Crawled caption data

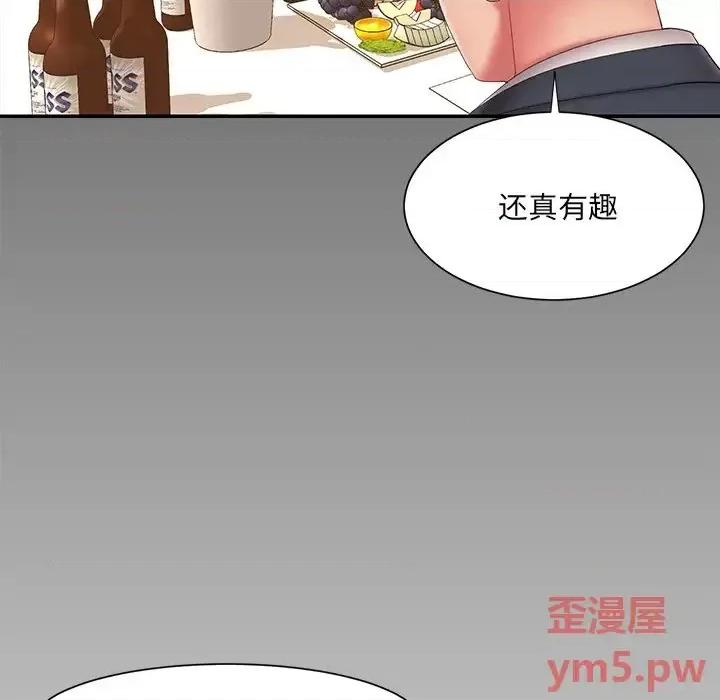 被抛弃的男人 被抛弃的男人-第 25 话 第13页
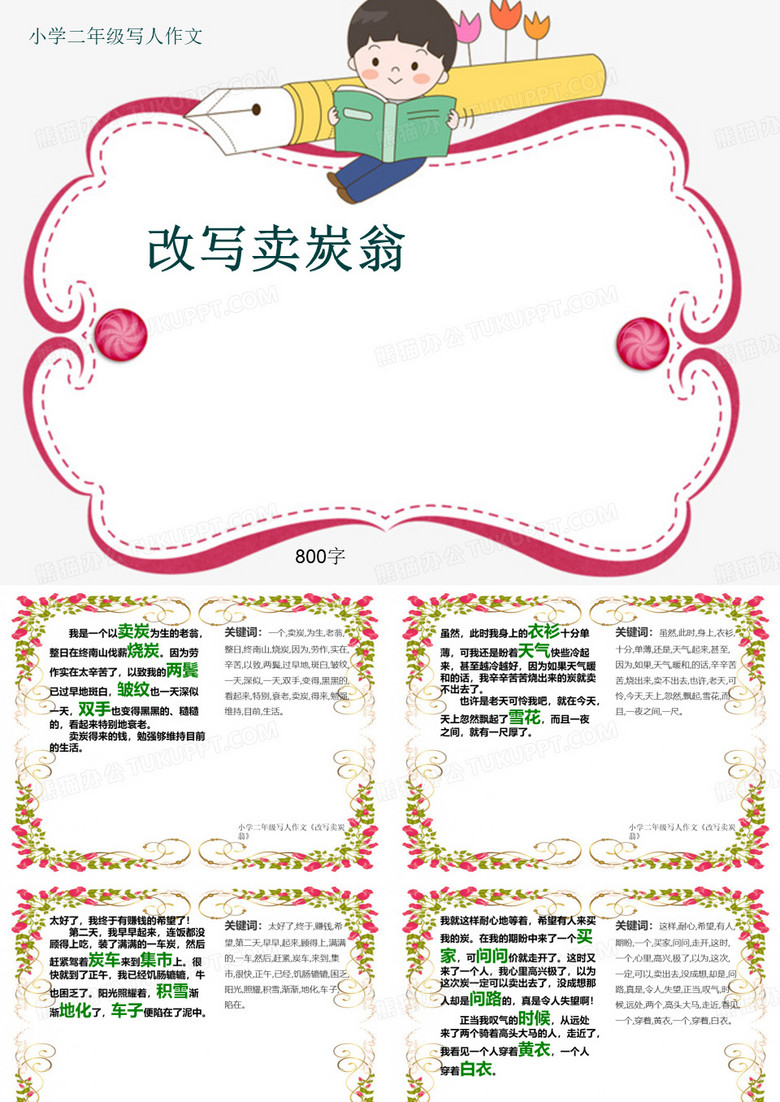 小学二年级写人作文《改写卖炭翁》800字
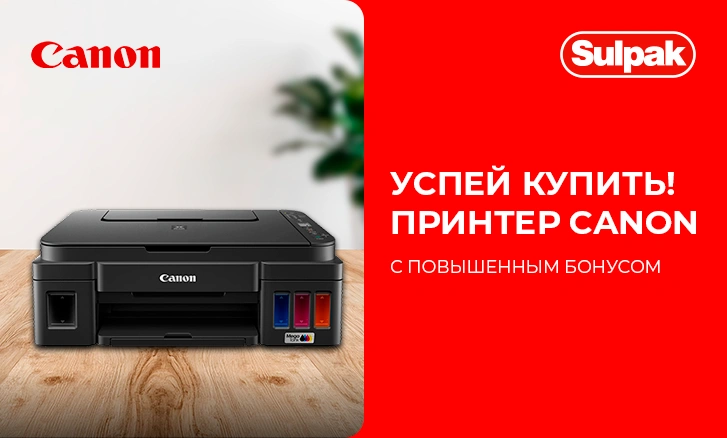 МФУ с повышенным бонусом!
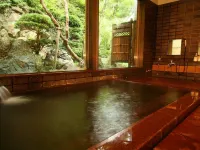 山本屋 - 温泉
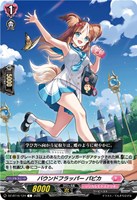 バウンドフラッパー パピカ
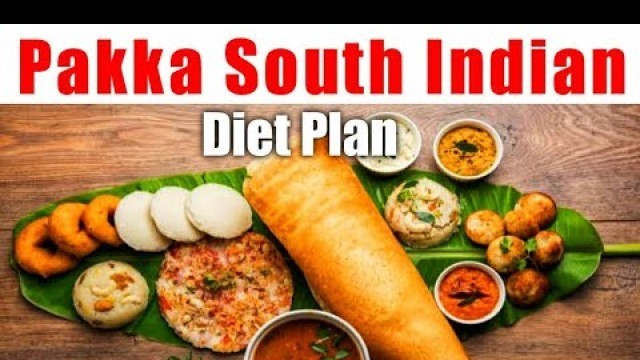 'South Indian Diet Plan in Tamil | Diet Plan to Loss Weight  Faster  | Lose 10 kgs in 10 Days|Panupie'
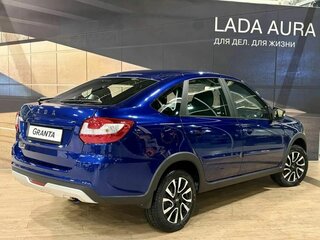 2026 Lada (ВАЗ) Granta Active Cross I Рестайлинг, синий, 1411000 рублей, вид 3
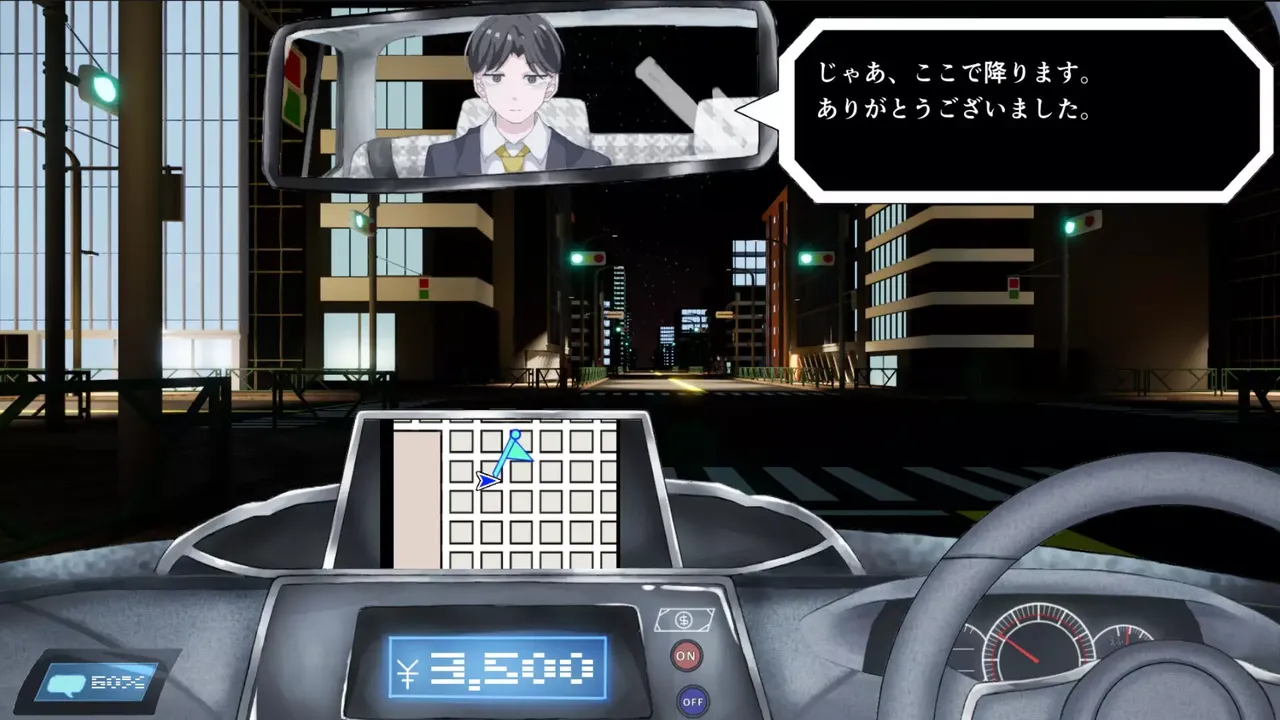 -ぼったくりタクシー-游戏截图-好玩游戏库
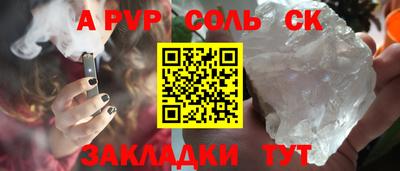 альфа пвп VHQ Кингисепп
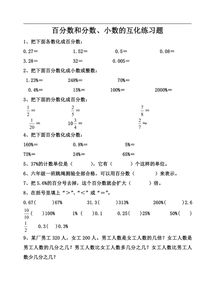 百分数分数小数的互化 图片搜索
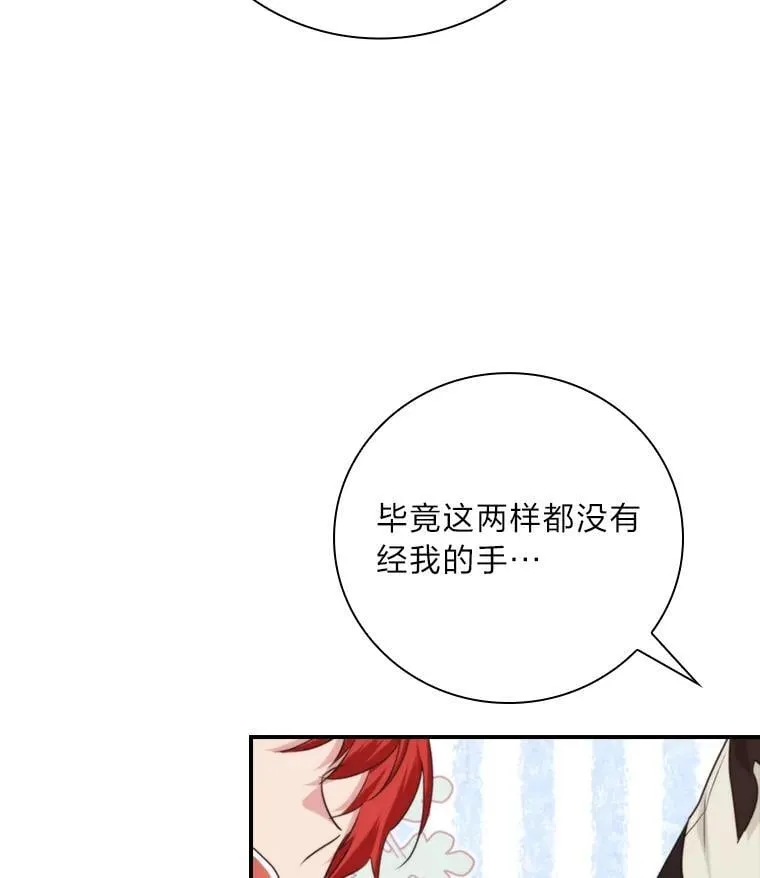 70.纪念品之争 第24页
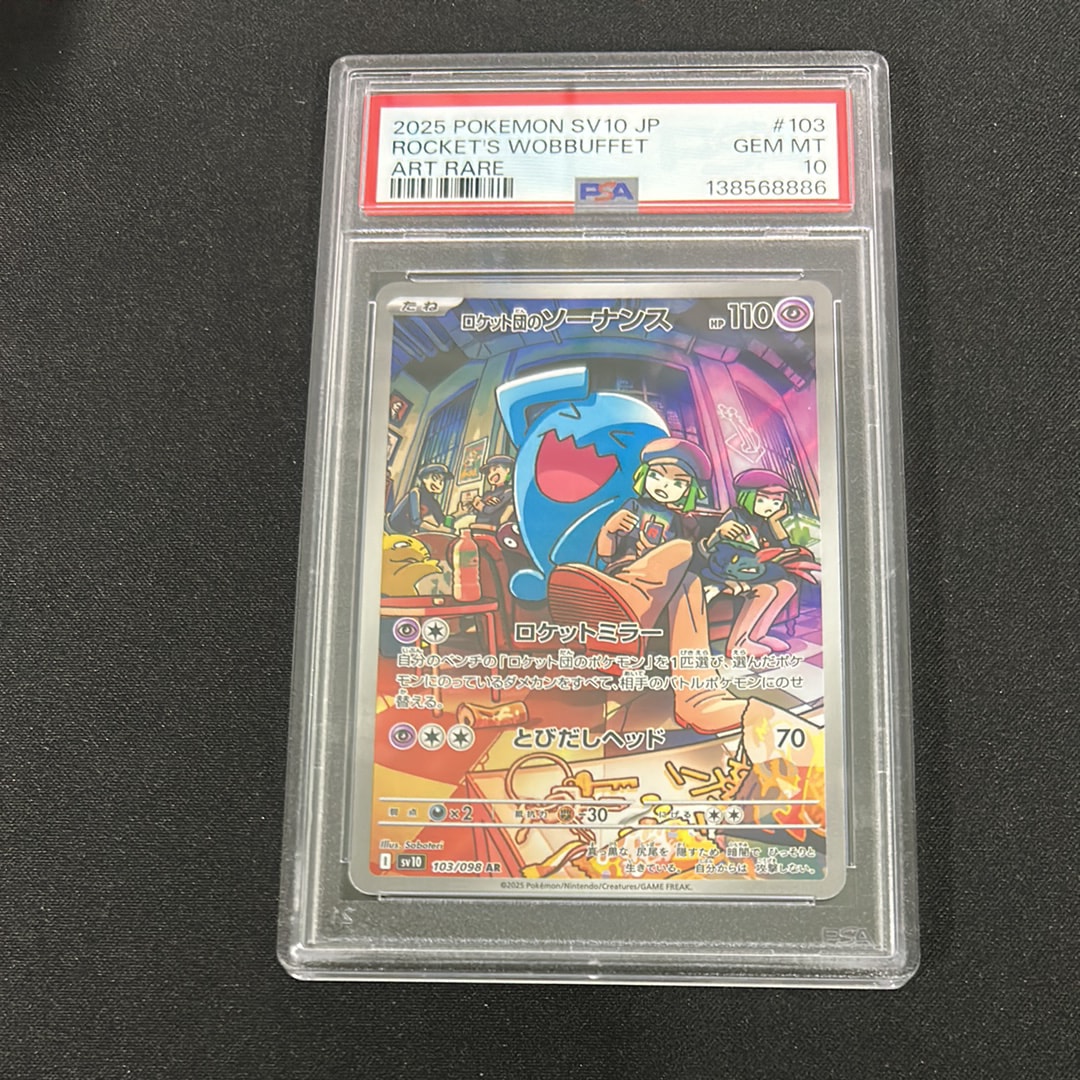 ロケット団のソーナンス AR [SV10 103/098](拡張パック「ロケット団の栄光」)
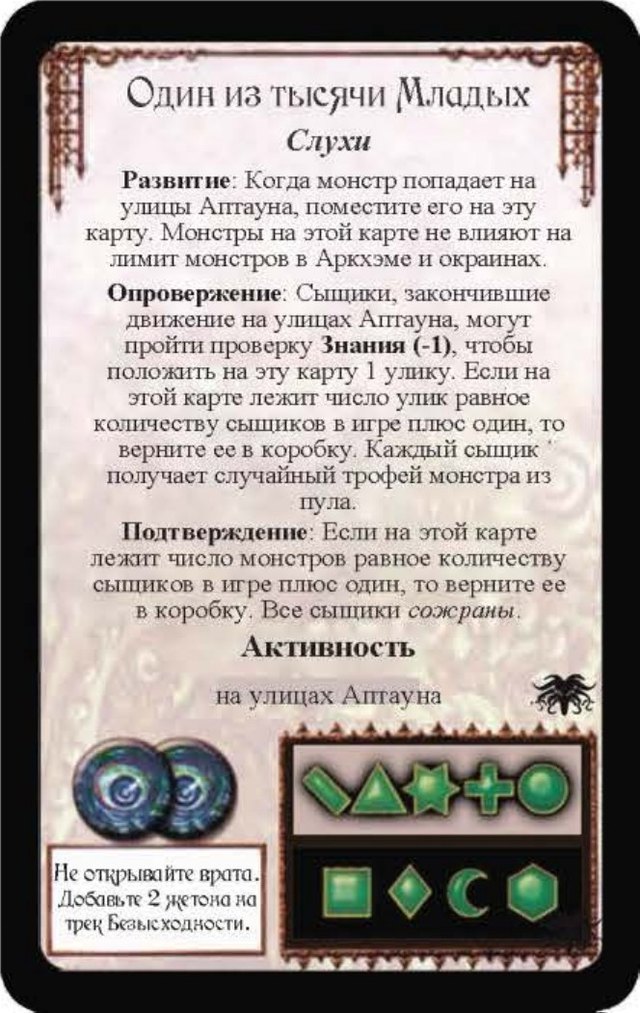 Один из тысячи Младых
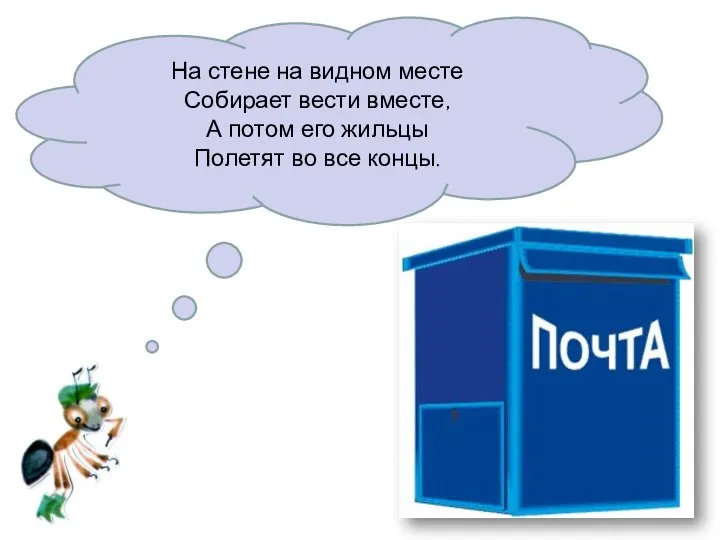 На стене на видном месте Собирает вести вместе, А потом его жильцы Полетят во все концы.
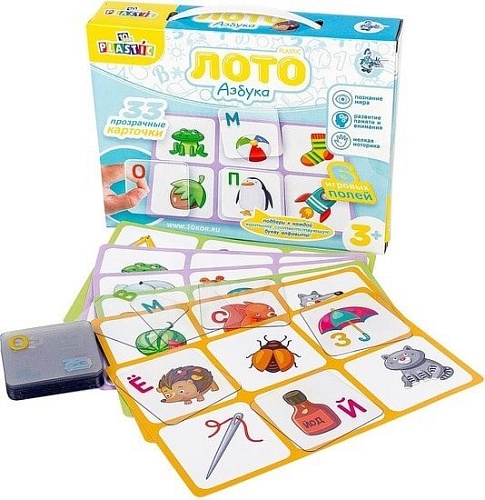 Развивающая игра Десятое королевство 10KOR Plastic Лото Азбука 03975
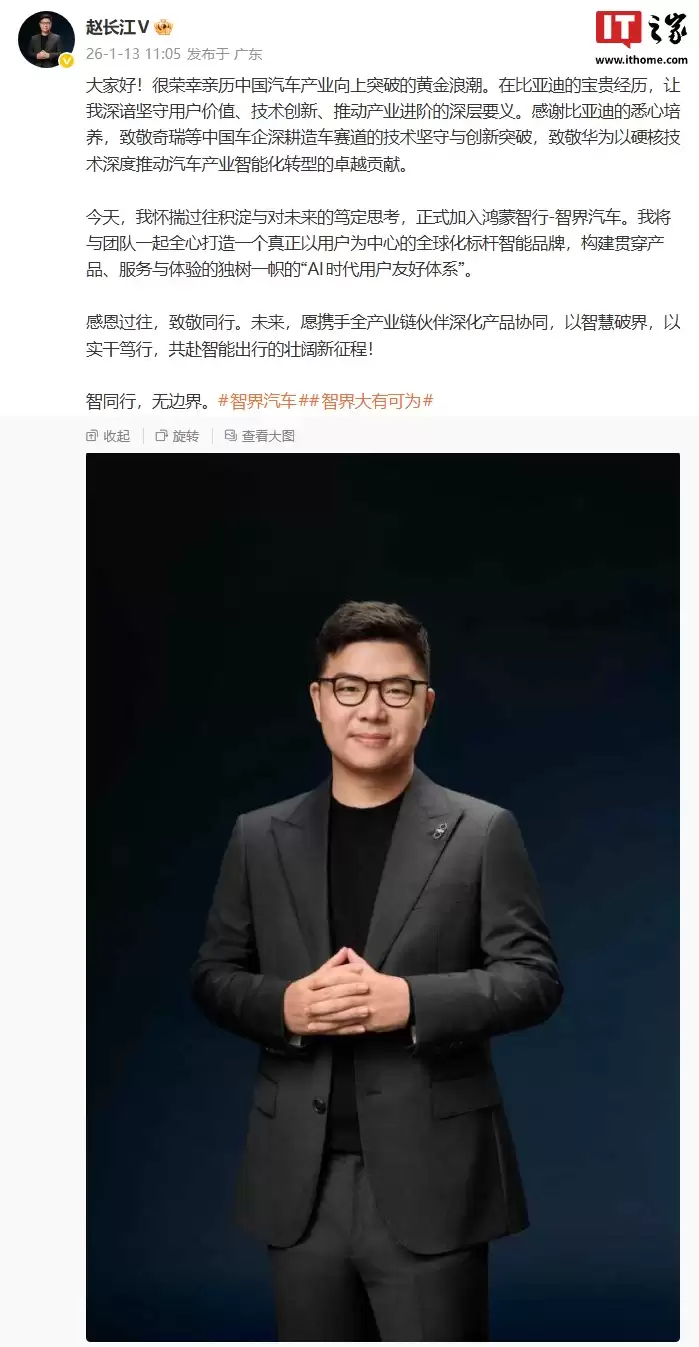 赵长江加盟智界汽车职位公布,担任执行董事及执行副总裁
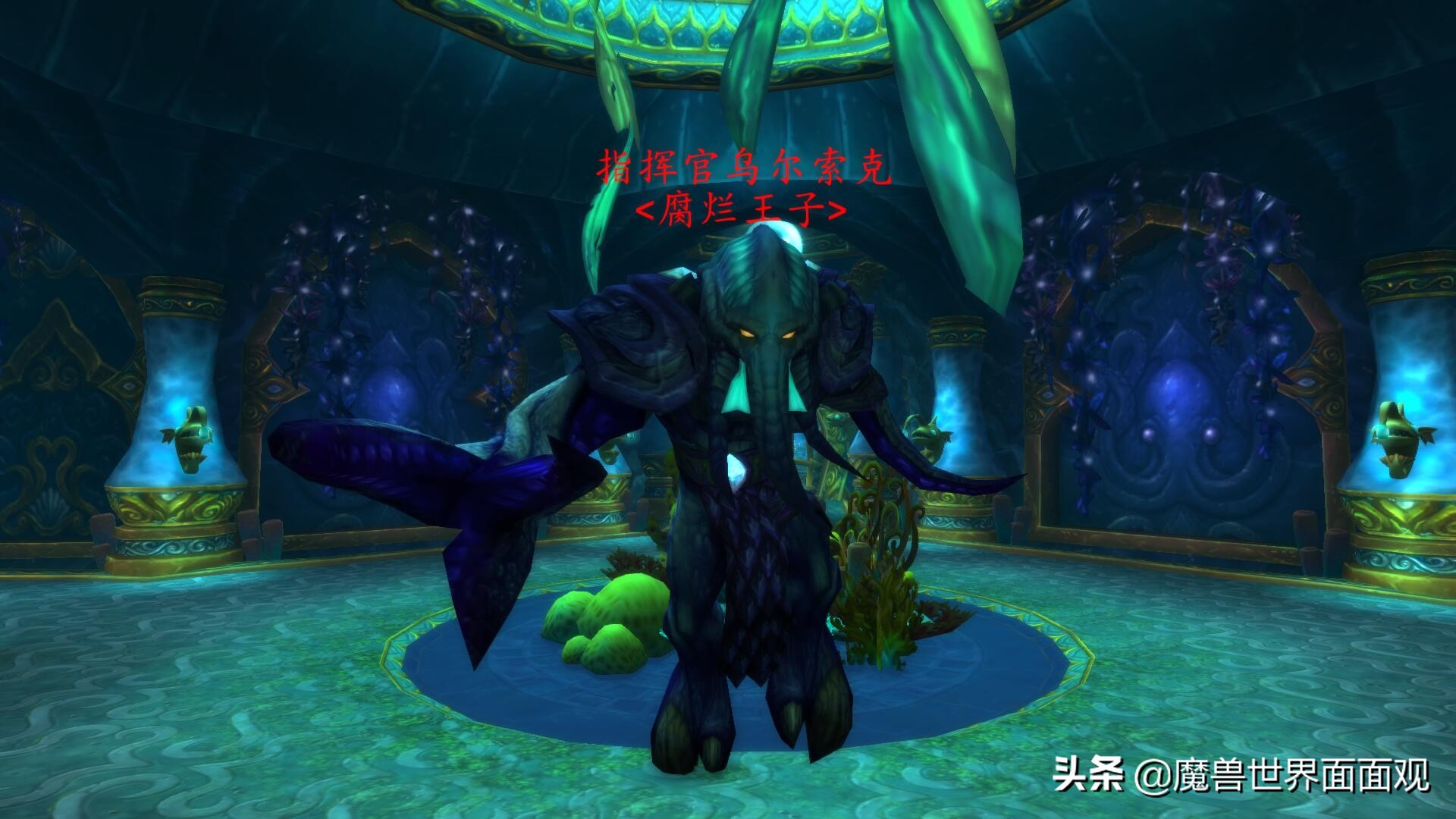 魔兽世界七大兽人氏族标志,魔兽世界种族介绍24大种族全赏析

▶ EXERCISE OBJECTIVE: Each entry should be copied exactly as written, though any pictures stay out.

▶ RESULT OF THE EXERCISE:
 被抛弃的男人 被抛弃的男人-第 25 话 第13页
 小学二年级写人作文《改写卖炭翁》800字
 МФУ с повышенным бонусом!
 山本屋 - 温泉
 バウンドフラッパー パピカ
 'South Indian Diet Plan in Tamil | Diet Plan to Loss Weight  Faster  | Lose 10 kgs in 10 Days|Panupie'
 2026 Lada (ВАЗ) Granta Active Cross I Рестайлинг, синий, 1411000 рублей, вид 3
 -ぼったくりタクシー-游戏截图-好玩游戏库
 альфа пвп VHQ Кингисепп
 百分数分数小数的互化 图片搜索
 70.纪念品之争 第24页
 ロケット団のソーナンス AR [SV10 103/098](拡張パック「ロケット団の栄光」)
 Один из тысячи Младых
 На стене на видном месте Собирает вести вместе, А потом его жильцы Полетят во все концы.
 Развивающая игра Десятое королевство 10KOR Plastic Лото Азбука 03975
 赵长江加盟智界汽车职位公布,担任执行董事及执行副总裁
 魔兽世界七大兽人氏族标志,魔兽世界种族介绍24大种族全赏析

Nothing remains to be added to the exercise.